SOURCE MATERIAL:
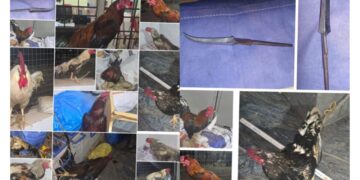 ಅಕ್ರಮ ಕೋಳಿ ಅಂಕಕ್ಕೆ ದಾಳಿ : 6 ಮಂದಿ ಅರೆಸ್ಟ್..!!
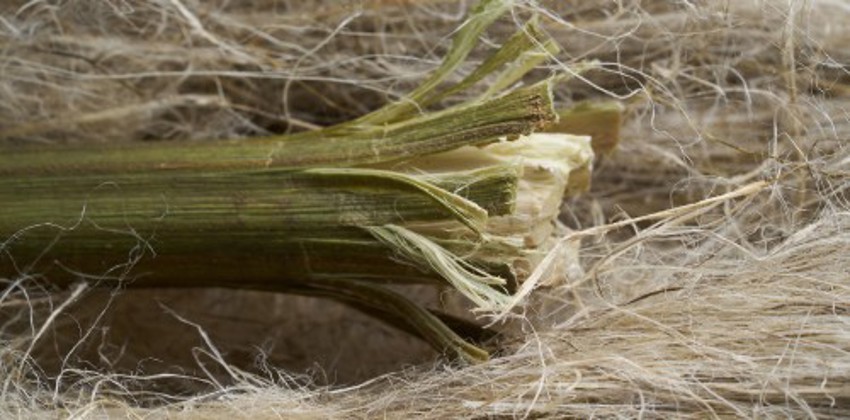 Close-up van een stengel hennep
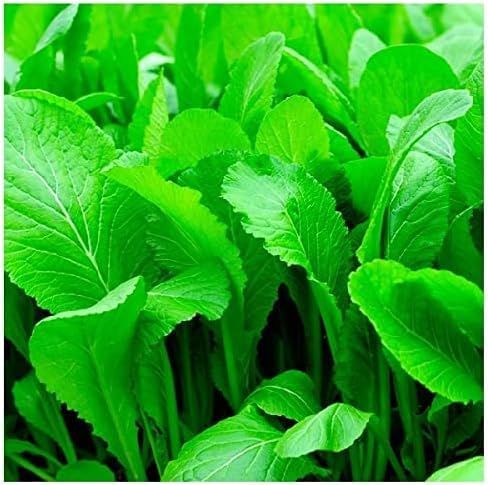 The Lucky Stars moisture-resistant seed packaging preserves freshness for long-term storage.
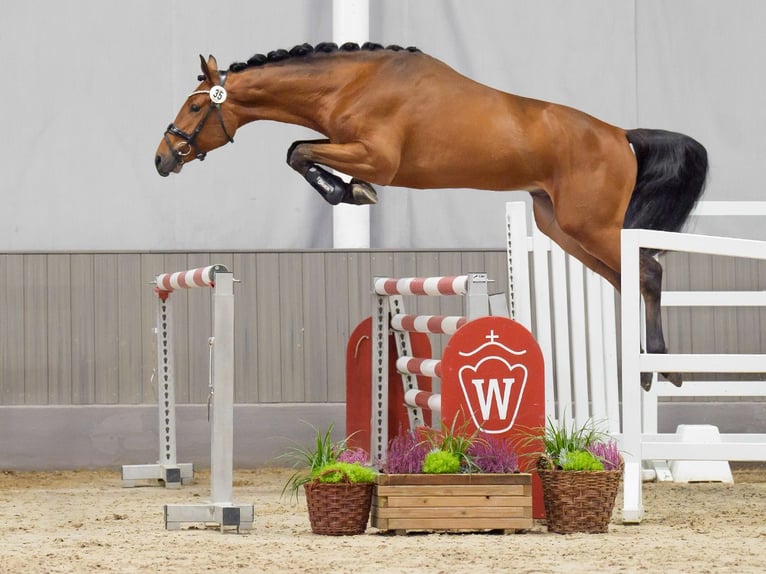 Westphalian Stallion 2 years Brown in Münster-Handorf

WORK ITEM: Return the material in full and unaltered, minus its pictures.

EXERCISE OUTPUT:
 ಅಕ್ರಮ ಕೋಳಿ ಅಂಕಕ್ಕೆ ದಾಳಿ : 6 ಮಂದಿ ಅರೆಸ್ಟ್..!!
 Close-up van een stengel hennep
 The Lucky Stars moisture-resistant seed packaging preserves freshness for long-term storage.
 Westphalian Stallion 2 years Brown in Münster-Handorf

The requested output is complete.